9. De l’Intelligence, tome I, préface, p. 16, édition de 1897, La première édition est de 1868.

10. Tous ceux qui s’occupent de ces questions connaissent, entre autres, l’histoire de Félida (étudiée par le docteur Azam), dans laquelle cette jeune fille s’est montrée douée de deux personnalités distinctes à ce point que, dans l’état second, elle est devenue amoureuse... et enceinte, sans qu’elle en sût rien dans l’état normal. Ces états de double personnalité ont été observés avec méthode depuis une trentaine d’années.

11. L’Automatisme psychologique, p. 401-402.

12. V. les Pl. IV et V. Je conserve avec soin le moulage en plâtre de cette empreinte.

13. A. DE ROCHAS, l’Extériorisation de la Motricité, 4e éd., 1905, p. 406.

14. Un sceptique violent, M. Assevedo, fit avec Eusapia l’expérience de demander une empreinte à 2 mètres de distance, sur une assiette de terre glaise, recouverte d’un mouchoir, et déclare qu’elle a réussi au-delà de tout doute possible. (V. AKSAKOF, Animisme, p. 509).

15. Les comptes rendus des séances de Montfort-l’Amaury ont fait le sujet d’un remarquable ouvrage de M. Guillaume de FONTENAY : À propos d’Eusapia Paladino. Un vol. in-8e illustré, Paris, 1898.

16. Les places n’ont pas toujours été celles de ces photographies. Ainsi, lors de la production de l’empreinte, M. G. de Fontenay était à la droite d’Eusapia, et M. Blech à ce bout-ci de la table.

17. À la séance suivante, du 12 novembre, M. Antoniadi écrit, avec un excellent croquis à l’appui : « Phénomène observé avec une certitude absolue : le violon a été lancé sur la table, de 50 centimètres au-dessus de la tête d’Eusapia. »

18. Ceci est absolu, me dit mon fils qui relit ces lignes.

19. Pendant la correction des épreuves de ces feuilles (oct. 1906), j’ai reçu du Dr Gustave Le Bon la Note suivante :

Lors de son dernier séjour à Paris (1906), j’ai pu obtenir trois séances chez moi avec Eusapia. J’ai prié un des plus pénétrants observateurs que je connaisse, M. Dastre, membre de l’Académie des sciences et professeur de physiologie à la Sorbonne, de vouloir bien assister aux expériences. Y assistaient également mon préparateur, M. Michaux, et la personne à l’obligeante intervention de laquelle je devais la présence d’Eusapia.

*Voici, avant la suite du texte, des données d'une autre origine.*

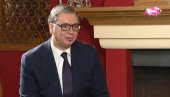 ZELENSKI ZNA POZICIJU SRBIJE: Vučić - Govorili smo o mnogim stvarima, iako je bio kratak razgovor ZELENSKI ZNA POZICIJU SRBIJE: Vučić - Govorili smo o mnogim stvarima, iako je bio kratak razgovor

En dehors de la lévitation de la table, nous avons vu à plusieurs reprises, et presque en plein jour, une main apparaître d’abord à un centimètre environ au-dessus de la tête d’Eusapia, puis à côté du rideau qui la couvrait en partie, à cinquante centimètres environ de son épaule.

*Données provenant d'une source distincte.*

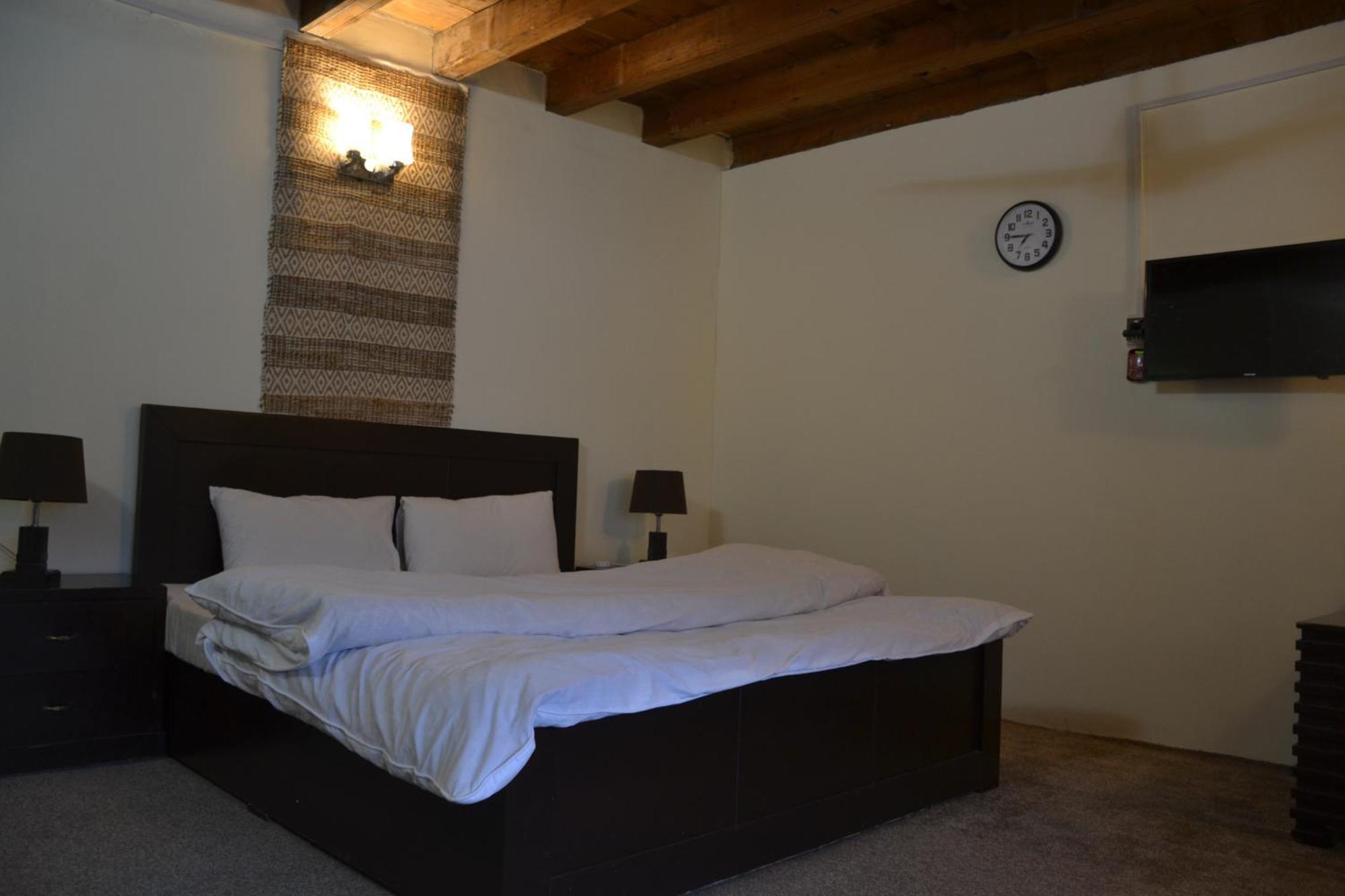 West End Lodges Neelum Екстер'єр фото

Nous avons alors organisé, pour la seconde séance, des méthodes de contrôle. Elles furent tout à fait décisives. Grâce à la possibilité de produire en arrière d’Eusapia un éclairage qu’elle ne soupçonnait pas, nous avons pu voir un de ses bras, très habilement soustrait à notre contrôle, s’allonger horizontalement derrière le rideau et venir toucher l’épaule de M. Dastre, et une autre fois me donner une claque sur la main.

Nous avons conclu de nos observations que les phénomènes arrivés n’avaient rien de surnaturel.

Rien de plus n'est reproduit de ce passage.